Can hadoop 0.15.1 pipes use a java mapper and a c++ reducer ??
The api page http://lucene.apache.org/hadoop/docs/r0.15.1/api/org/apache/hadoop/mapred/pipes/package-summary.html
suggests that
"The job may consist of any combination of Java and C++ RecordReaders,
Mappers, Paritioner, Combiner, Reducer, and RecordWriter."


I wrote a simple sample code with a simple map class (for wordcount)

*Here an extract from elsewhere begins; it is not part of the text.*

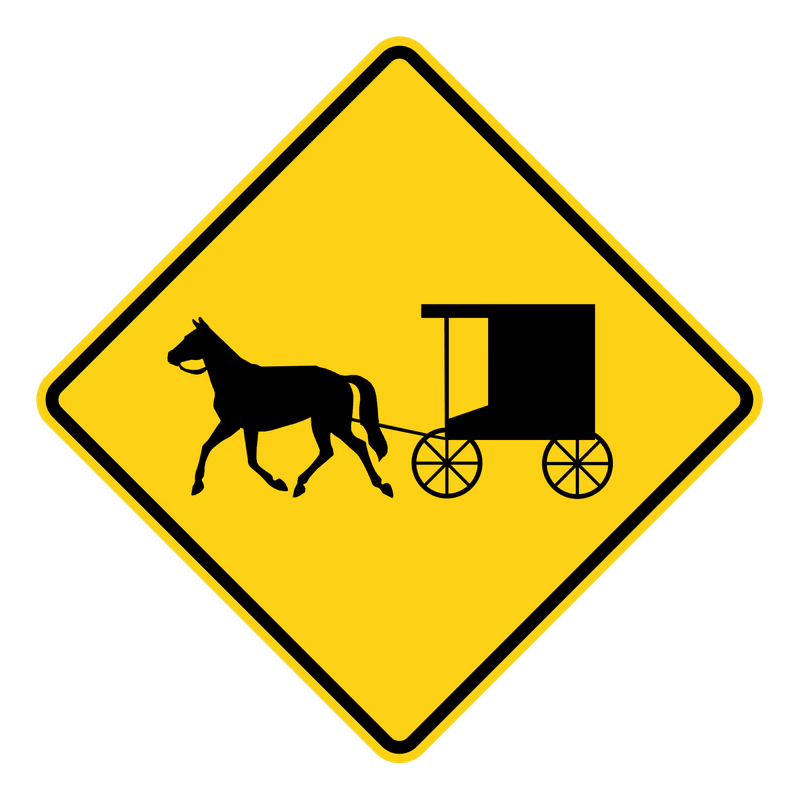 Horse & Buggy Crossing Sign road sign — Horse-drawn vehicle crossing or sharing road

public class mapclass extends MapReduceBase implements Mapper {

    private final static IntWritable one = new IntWritable(1);
    private Text word = new Text();

    public void map(WritableComparable key, Writable value,
                    OutputCollector output,
                    Reporter reporter) throws IOException {
      String line = ((Text)value).toString();
      StringTokenizer itr = new StringTokenizer(line);
      while (itr.hasMoreTokens()) {
        word.set(itr.nextToken());
        output.collect(word, one);
      }
    }
  }

zipped into a jar file (after compilation) and used it as the mapper e.g

hadoop pipes -input testdata -output output-dir -jar mapredclasses.jar
-map mapclass -reduce reduceclass

(the reduce class is another java class to be used as the reducer)

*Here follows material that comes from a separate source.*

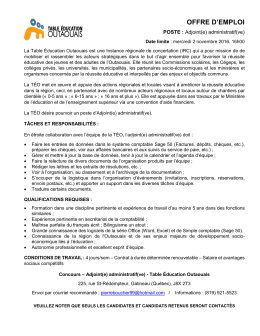 OFFRE D`EMPLOI - Table &Eacute;ducation Outaouais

hadoop threw the exception with the trace
Exception in thread "main" java.lang.ClassNotFoundException: mapclass
        at java.net.URLClassLoader$1.run(URLClassLoader.java:200)
        at java.security.AccessController.doPrivileged(Native Method)
        at java.net.URLClassLoader.findClass(URLClassLoader.java:188)
        at java.lang.ClassLoader.loadClass(ClassLoader.java:306)
        at sun.misc.Launcher$AppClassLoader.loadClass(Launcher.java:268)
        at java.lang.ClassLoader.loadClass(ClassLoader.java:251)
        at java.lang.ClassLoader.loadClassInternal(ClassLoader.java:319)
        at java.lang.Class.forName0(Native Method)
        at java.lang.Class.forName(Class.java:242)
        at org.apache.hadoop.conf.Configuration.getClassByName(Configuration.java:524)
        at org.apache.hadoop.mapred.pipes.Submitter.getClass(Submitter.java:309)
        at org.apache.hadoop.mapred.pipes.Submitter.main(Submitter.java:365)


I searched a lot but in vain :( . It seems like i am somehow missing
some thing obvious :) .Can you please tell me if hadoop pipe supports
map and reduce classes in different languages (as the api suggests)
and if yes, how to go about using it ?

Thanks,
Sandeep